High temperature causes bus error

PostPosted: Mon Mar 13, 2017 11:38 am
by wiegmink
Hi all,

I'm using the Parallella Embedded (Zynq 7020) with a heatsink mounted to constantly compute some algorithm. All 16 cores are kept busy, the Zynq PS feeds new data, collects results, and routes it to a network destination. After a while (5 minutes or so) a bus error occurred. At first I thought it was related to a possible memory conflict (gdb showed that the error occurred at e_read or e_write), but the message log showed the following:
[243461.989088] epiphany_vm_fault: Temperature outside operating range. Sending SIGBUS to process mainthread.elf (pid: 3426)

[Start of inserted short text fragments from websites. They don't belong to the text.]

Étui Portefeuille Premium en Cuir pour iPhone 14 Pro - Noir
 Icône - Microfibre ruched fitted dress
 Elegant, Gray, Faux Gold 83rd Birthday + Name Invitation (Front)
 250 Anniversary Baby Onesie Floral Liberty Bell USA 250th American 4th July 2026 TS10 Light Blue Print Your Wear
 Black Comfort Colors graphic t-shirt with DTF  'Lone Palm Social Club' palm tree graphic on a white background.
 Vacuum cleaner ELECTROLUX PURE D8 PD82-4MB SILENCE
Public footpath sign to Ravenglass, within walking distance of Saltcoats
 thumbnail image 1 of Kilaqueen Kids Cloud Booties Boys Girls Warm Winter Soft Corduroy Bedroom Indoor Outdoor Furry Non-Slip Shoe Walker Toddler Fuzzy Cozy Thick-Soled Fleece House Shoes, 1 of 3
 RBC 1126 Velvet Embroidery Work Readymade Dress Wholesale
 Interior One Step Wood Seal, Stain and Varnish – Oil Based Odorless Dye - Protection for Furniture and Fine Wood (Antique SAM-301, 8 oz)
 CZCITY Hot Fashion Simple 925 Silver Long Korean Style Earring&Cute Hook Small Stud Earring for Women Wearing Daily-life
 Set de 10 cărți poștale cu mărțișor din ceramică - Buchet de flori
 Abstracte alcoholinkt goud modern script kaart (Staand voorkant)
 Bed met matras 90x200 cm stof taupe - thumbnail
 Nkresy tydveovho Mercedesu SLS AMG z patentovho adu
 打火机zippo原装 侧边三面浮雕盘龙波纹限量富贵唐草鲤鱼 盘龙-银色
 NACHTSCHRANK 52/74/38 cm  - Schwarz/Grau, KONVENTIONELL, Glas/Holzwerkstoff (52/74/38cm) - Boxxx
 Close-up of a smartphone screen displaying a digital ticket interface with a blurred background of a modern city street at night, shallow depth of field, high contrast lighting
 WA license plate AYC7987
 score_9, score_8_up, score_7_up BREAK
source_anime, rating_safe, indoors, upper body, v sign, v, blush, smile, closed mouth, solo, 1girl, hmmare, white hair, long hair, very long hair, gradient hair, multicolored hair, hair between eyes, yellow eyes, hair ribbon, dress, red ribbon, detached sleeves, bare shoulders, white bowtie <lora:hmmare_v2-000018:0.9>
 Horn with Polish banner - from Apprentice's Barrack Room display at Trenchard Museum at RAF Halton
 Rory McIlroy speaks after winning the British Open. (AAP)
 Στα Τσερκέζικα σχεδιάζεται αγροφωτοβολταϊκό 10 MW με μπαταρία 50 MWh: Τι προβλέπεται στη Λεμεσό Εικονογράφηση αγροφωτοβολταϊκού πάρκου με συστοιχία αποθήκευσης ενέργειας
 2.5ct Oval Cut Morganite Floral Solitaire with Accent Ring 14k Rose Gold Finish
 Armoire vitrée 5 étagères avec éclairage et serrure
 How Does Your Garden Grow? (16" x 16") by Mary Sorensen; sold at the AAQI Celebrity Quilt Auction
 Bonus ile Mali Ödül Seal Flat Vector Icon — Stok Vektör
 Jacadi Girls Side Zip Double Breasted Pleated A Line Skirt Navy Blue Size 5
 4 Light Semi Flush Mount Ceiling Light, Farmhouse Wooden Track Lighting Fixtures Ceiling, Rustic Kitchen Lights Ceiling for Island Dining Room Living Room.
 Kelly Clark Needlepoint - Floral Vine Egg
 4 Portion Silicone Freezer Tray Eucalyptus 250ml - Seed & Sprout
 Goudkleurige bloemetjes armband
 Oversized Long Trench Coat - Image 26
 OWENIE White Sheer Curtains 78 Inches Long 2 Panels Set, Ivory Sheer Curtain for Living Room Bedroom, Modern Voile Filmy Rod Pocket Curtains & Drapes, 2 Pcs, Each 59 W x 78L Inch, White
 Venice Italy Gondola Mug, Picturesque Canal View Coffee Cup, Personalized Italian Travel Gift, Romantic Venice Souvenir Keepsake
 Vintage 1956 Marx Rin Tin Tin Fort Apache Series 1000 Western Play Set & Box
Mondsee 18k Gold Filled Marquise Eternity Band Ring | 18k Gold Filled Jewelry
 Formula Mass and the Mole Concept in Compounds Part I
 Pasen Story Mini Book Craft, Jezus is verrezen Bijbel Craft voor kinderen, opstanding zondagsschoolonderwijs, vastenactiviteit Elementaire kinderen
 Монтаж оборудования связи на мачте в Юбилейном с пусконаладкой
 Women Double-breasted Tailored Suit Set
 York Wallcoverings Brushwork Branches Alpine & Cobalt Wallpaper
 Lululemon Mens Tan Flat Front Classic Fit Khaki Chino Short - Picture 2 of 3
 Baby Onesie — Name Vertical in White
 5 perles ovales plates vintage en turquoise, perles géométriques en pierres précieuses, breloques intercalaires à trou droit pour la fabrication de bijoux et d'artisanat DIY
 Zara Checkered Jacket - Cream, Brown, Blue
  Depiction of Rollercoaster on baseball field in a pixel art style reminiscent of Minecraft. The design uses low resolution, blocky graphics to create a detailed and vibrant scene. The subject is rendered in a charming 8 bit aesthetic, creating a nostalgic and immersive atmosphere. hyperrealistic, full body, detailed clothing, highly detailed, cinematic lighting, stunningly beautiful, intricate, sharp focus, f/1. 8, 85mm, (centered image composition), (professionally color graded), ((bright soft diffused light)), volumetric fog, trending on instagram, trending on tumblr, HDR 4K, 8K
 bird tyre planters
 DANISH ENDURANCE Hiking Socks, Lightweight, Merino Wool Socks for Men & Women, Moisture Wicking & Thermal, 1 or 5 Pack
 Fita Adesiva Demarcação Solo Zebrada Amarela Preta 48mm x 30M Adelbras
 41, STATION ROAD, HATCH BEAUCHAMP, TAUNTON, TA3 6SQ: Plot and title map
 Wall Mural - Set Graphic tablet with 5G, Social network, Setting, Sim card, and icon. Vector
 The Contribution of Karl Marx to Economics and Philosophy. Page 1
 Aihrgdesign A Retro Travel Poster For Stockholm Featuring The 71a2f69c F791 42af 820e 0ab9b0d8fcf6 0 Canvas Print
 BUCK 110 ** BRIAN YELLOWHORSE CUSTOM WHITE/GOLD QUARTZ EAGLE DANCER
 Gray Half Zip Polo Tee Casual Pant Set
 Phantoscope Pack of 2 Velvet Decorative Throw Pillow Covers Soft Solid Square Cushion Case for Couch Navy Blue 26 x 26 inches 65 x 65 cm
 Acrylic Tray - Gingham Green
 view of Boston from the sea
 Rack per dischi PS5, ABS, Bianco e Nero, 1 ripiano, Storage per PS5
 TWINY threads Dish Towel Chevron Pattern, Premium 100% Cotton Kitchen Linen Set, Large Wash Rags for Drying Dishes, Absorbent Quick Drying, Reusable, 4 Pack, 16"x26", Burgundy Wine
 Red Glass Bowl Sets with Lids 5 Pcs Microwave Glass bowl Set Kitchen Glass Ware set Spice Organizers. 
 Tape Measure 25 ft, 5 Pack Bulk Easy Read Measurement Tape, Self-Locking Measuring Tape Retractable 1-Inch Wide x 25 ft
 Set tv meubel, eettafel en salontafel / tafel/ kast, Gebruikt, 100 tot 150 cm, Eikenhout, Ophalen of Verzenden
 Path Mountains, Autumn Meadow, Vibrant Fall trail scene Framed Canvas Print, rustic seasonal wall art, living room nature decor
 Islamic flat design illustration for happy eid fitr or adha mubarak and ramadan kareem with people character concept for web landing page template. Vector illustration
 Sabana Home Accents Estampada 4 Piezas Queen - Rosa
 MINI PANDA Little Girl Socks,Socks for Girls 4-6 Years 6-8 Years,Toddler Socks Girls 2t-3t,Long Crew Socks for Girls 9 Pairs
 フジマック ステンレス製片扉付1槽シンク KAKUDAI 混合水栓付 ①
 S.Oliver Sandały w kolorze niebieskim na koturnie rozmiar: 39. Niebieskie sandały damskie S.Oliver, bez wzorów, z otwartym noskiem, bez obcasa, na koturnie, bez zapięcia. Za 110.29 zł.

- Is it indeed so that a high temperate causes a bus error (the message is pretty clear, it's for my own peace of mind)?
- Which component is getting too hot (Zynq or Epiphany)?
- What is the threshold temperature?
- And finally again for my peace of mind, could a simultaneous read/write from the Zynq PS and a Epiphany core ever cause a memory conflict?

I added a small fan, and now it is already running for quite some time. So it seems clear.

I'm new to the forum, I don't think I found the answers somewhere else (I did search, but you never know).


PostPosted: Mon Mar 13, 2017 2:01 pm
by jar
The Zynq is causing this. There is a thermal daemon running that can be configured in /etc/default/parallella-thermald if you want to void the warranty.

I picked up a couple of the Parallella aluminum cases recently and they've kept the Zynq well below the default limit and look much nicer. Though, I used the "heatsink hack" described here:

Your fan setup should work now and prevent the thermal daemon from shutting the board down.

PostPosted: Tue Mar 14, 2017 8:19 am
by wiegmink
Thanks jar. I don't want to void the warranty, I just didn't make the connection between the bus error and overheating of the Zynq.